Mais l’IA, ce sont aussi et surtout-serait-on tenté d’écrire ! -des perspectives. Elles sont nombreuses et il n’est évidemment pas possible de toutes les détailler. Néanmoins, il faut remarquer qu’elles ne concernent que l’amélioration et la montée en puissance de dispositifs numériques déjà existants (applications de suivi, analyse de données de surveillance médicale..). Parmi elles, celle qui semble la plus intéressante est le remplacement intégral de l’expérimentation animale par la simulation numérique. Attendu pour 2040.

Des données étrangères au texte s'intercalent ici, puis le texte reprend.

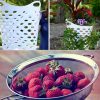 People Are Using Cheap Laundry Baskets to Grow Delicious Strawberries & It’s a Genius Idea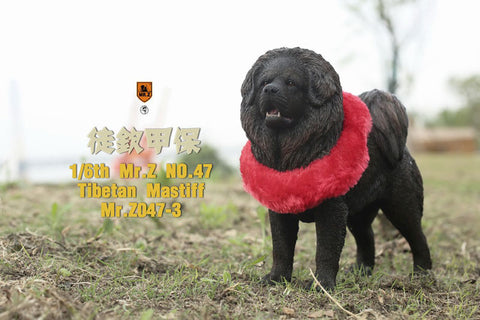 1/6 Tibetan Mastiff 3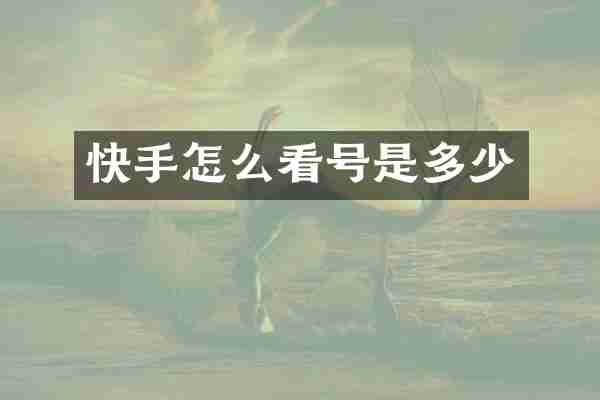 快手怎么看号是多少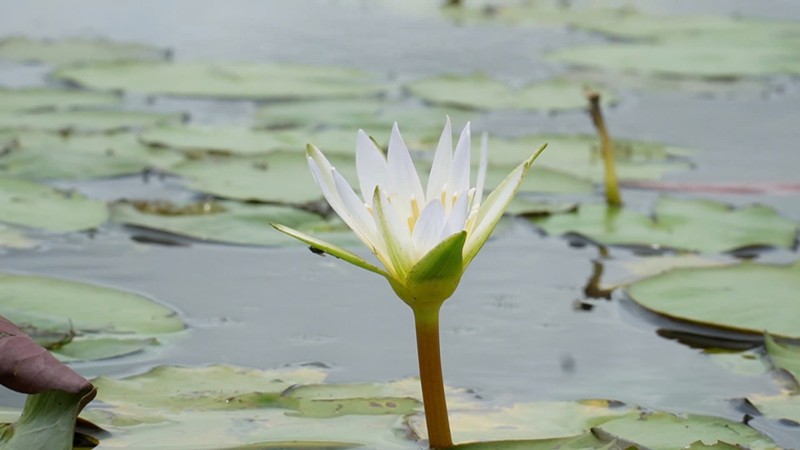 ​Hoa “Thuy Nu” ban lam rau dac san, van nguoi me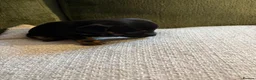 Mixed Breed dogs for sale: Miniature dachshund x French bulldog puppies  in Northampton - Advert 7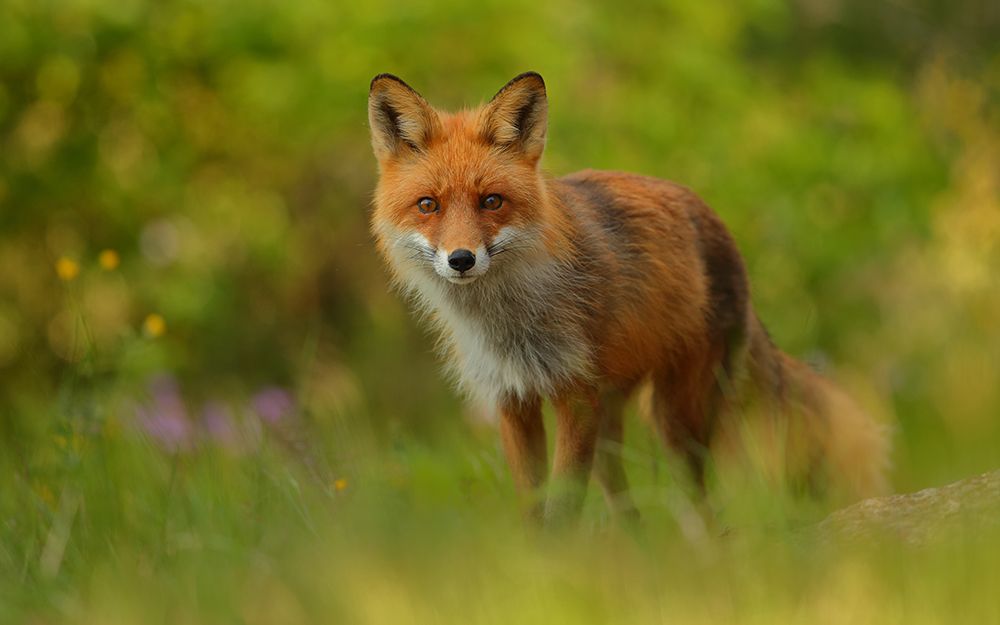 Red Fox Lady art print by Assaf Gavra for $57.95 CAD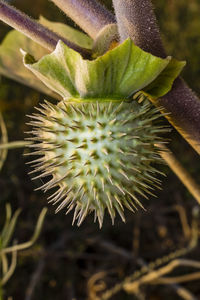 Close-up of succulent plant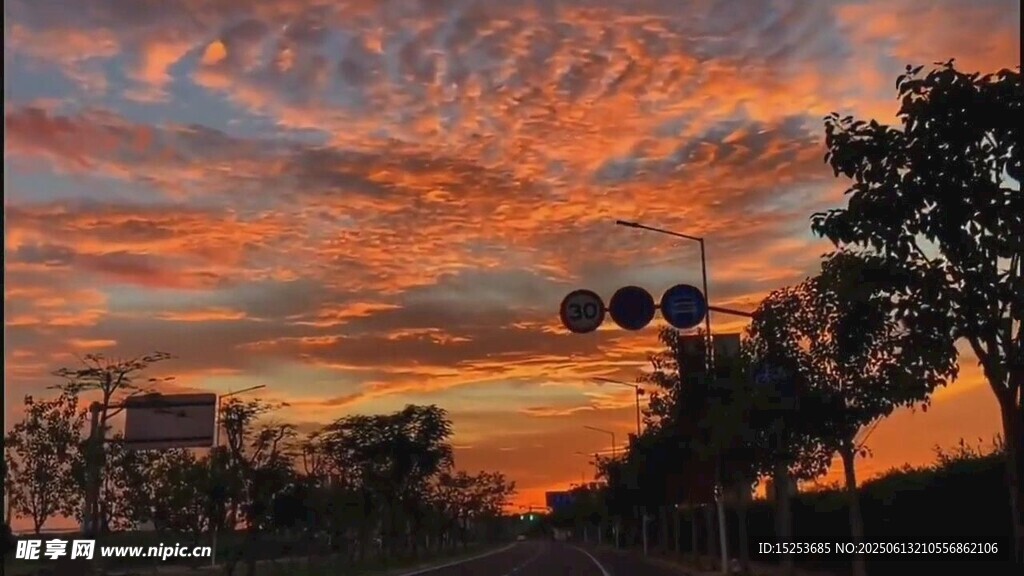 夕陽下的樹木與絢麗云彩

Que peut-on donc dire de l’IA en 2021?
Clairement, elle change la donne dans la façon dont les soins sont délivrés mais pas dans le sens annoncé par les gourous du marketing. Il n’y a pas de machine autonome. Il y a des logiciels qui recueillent des données, envoient des alertes, donnent des indications et augmentent les performances des technologies numériques. Ces logiciels ont des propriétaires très humains. L’IA n’est pas un être autonome en gestation mais un outil affecté à une tâche précise. Reste à savoir comment utiliser cet outil. Et surtout, qui doit en maîtriser le développement et la diffusion. Car, nous avertit l’OMS, le risque est réel de voir se créer une offre de soins parallèle, très commerciale, située en dehors des systèmes de soins officiels, de ses circuits de validation scientifique et de ses mécanismes de remboursement.
L’impact de l’IA sur la gestion de la crise COVID a été modeste. Les résultats n’ont pas été à la hauteur des promesses de l’absurde communication des géants du numérique. Déconnectée des réalités scientifiques, elle crée des désillusions délétères et masque les vrais succès. Pourtant, l’IA apporte déjà beaucoup et il faut la développer pour améliorer la performance du travail humain. Oui, du travail humain car l’intelligence artificielle est une révolution informatique, certainement pas une révolution des neurosciences.